Pentagon expects to award $9 billion cloud contract in December
The Pentagon’s chief information officer said the multi-cloud, multi-vendor JWCC contract will be awarded “in about a month.”
The Pentagon is planning to award its “critically important” Joint Warfighting Cloud Capability—or JWCC—contract “in about a month, 30 days-ish, from now,” according to remarks made by a Defense Department official during the Defense Information Systems Agency's Forecast to Industry 2022 event on Monday.
“I am so excited about what we have done with JWCC and the anticipation for the upcoming award here, again, in about a month,” DOD Chief Information Officer John Sherman said during a panel discussion.
Last November, DOD named Amazon Web Services, Google, Microsoft and Oracle as contenders for the multi-cloud, multi-vendor contract valued at up to $9 billion. DOD previously pushed back its deadline for announcing the JWCC award from the initial April goal to the end of the year, to give officials more time to review the companies’ bids. Although all four companies received a formal solicitation, they are not guaranteed to receive an award.

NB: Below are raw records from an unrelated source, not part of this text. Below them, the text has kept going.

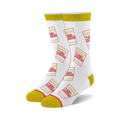 White crew socks with a repeating pattern of red and yellow Cup Noodles cup designs. Yellow cuff detail.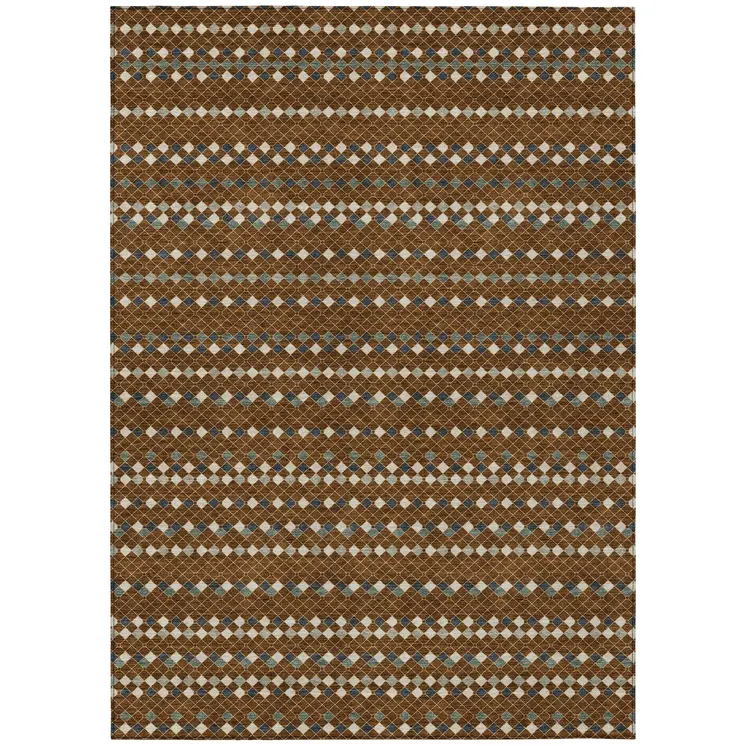 8' X 10' Brown And Gray Striped Washable Indoor Outdoor Area Rug
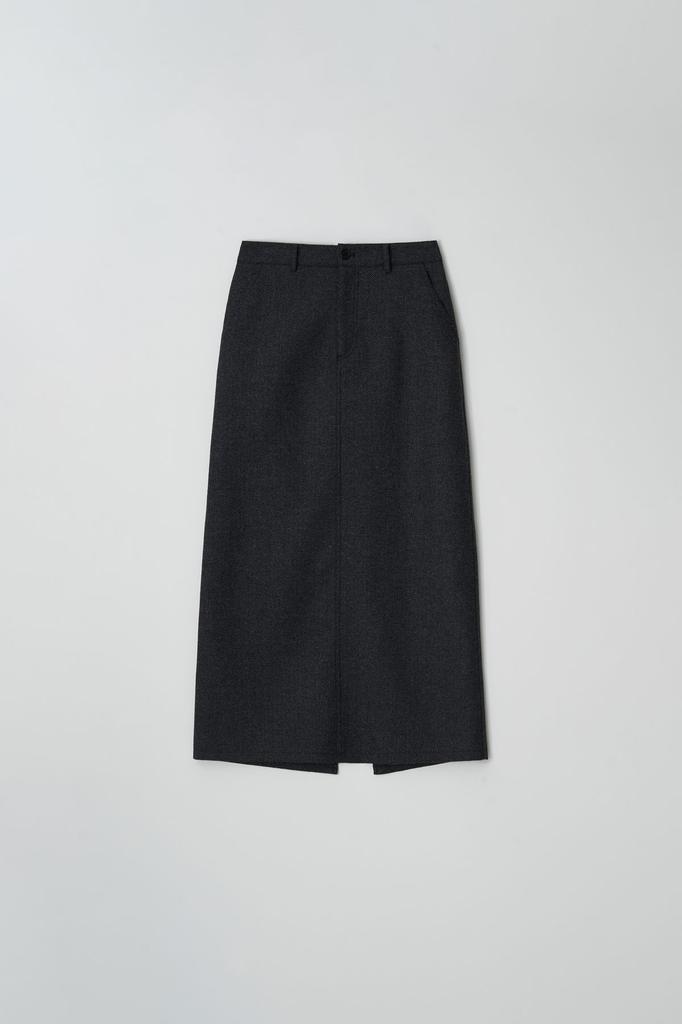 The Penny Wool Herringbone Long Skirt - Charcoal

"The government anticipates awarding two [indefinite delivery, indefinite quantity] contracts—one to Amazon Web Services, Inc. and one to Microsoft Corporation—but intends to award to all cloud service providers that demonstrate the capability to meet DOD's requirements," DOD wrote in the Nov. 19, 2021 presolicitation notice.
Sherman previously said in March that the JWCC contract was expected to be awarded in December, and that the delay was the result of “doing the due diligence” on the four proposals that DOD received. His latest comments confirm that DOD is on track to make a decision regarding the JWCC contract by the end of the year.

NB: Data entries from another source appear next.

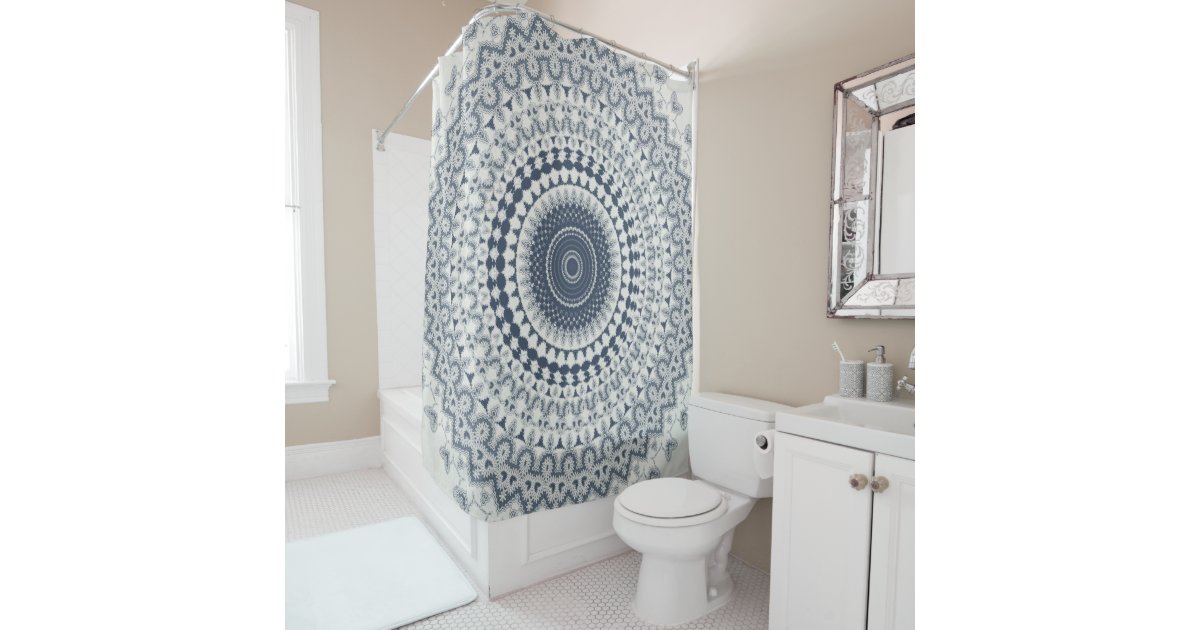 Cottage Blue Mandala Shower Curtain Zazzle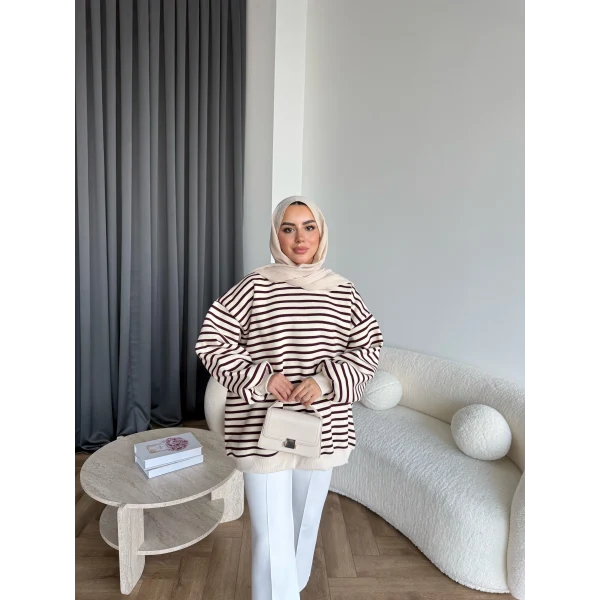 Twist Çizgili Sweat - Bordo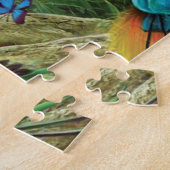 Puzzle Animals living together throw pillow (Côté)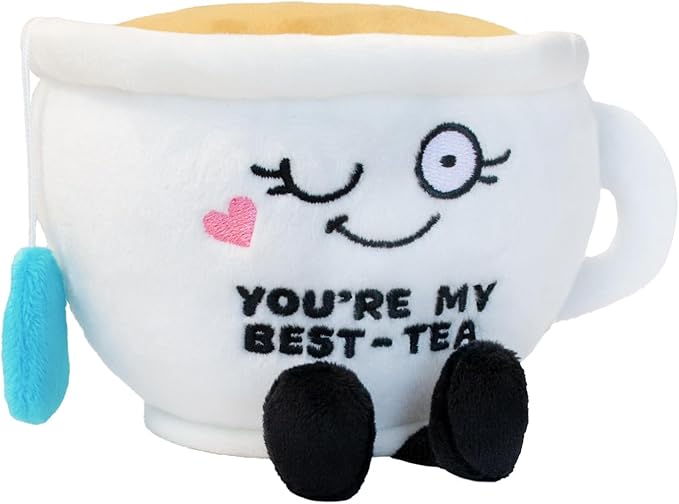 Teacup Plushie - You're My Best-Tea Punny Teacup Plush, Gift for Best Friend, Food Plush Toy for Gifting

“I think we just underestimated the amount of time this was going to take,” Sherman added during Monday’s panel discussion.
DOD’s effort to implement the JWCC program comes after the Pentagon’s previous attempt to develop a multi-billion dollar, single-cloud network—known as the Joint Enterprise Defense Infrastructure, or JEDI—was ultimately scrapped following years of controversy, delays and lawsuits. The Pentagon first conceptualized JEDI in 2017 as a way to develop enterprisewide cloud capabilities for the military, and the $10 billion cloud computing contract was envisioned as being awarded to one cloud service provider.
Although Microsoft was officially awarded the JEDI contract twice, the DOD’s effort was held up by lawsuits and complaints from other commercial cloud providers about the contracting process, as well as allegations of political bias on the part of the Trump administration. The Pentagon finally announced in July 2021 that it was canceling JEDI, saying at the time that, “due to evolving requirements, increased cloud conversancy and industry advances, the JEDI cloud contract no longer meets its needs.” DOD ultimately announced JWCC as a successor cloud computing framework that would pivot to a multi-contract approach to hopefully bypass some of the legal concerns that arose from the JEDI process.
Although JEDI was abandoned before any of it could be implemented, Sherman said that “a lot was learned” from that experience to help shape the JWCC process, and that DOD wouldn’t be prepared to award the JWCC contract “if we hadn’t gone through all of this.”
DOD has characterized cloud infrastructure services, and JWCC in particular, as a vital component of its warfighting capabilities, particularly when it comes to carrying out the goals of the Pentagon’s Joint All-Domain Command and Control—or JADC2—strategy.
In announcing the release of its JADC2 implementation plan in March, DOD said the streamlined process would improve the Pentagon’s information sharing capabilities by enabling U.S. military forces “to ‘sense,’ ‘make sense,’ and ‘act’ on information across the battle-space quickly using automation, artificial intelligence, predictive analytics and machine learning to deliver informed solutions via a resilient and robust network environment.”
Sherman said JADC2 is “utterly reliant on having an enterprise cloud capability that operates at all three security classifications—top secret, secret, unclassified—from the continental United States all the way up to the tactical edge,” and added that JWCC is “the fundamental pillar of JADC2.”
“JWCC is the piece that’s got to be there to make this happen,” he added.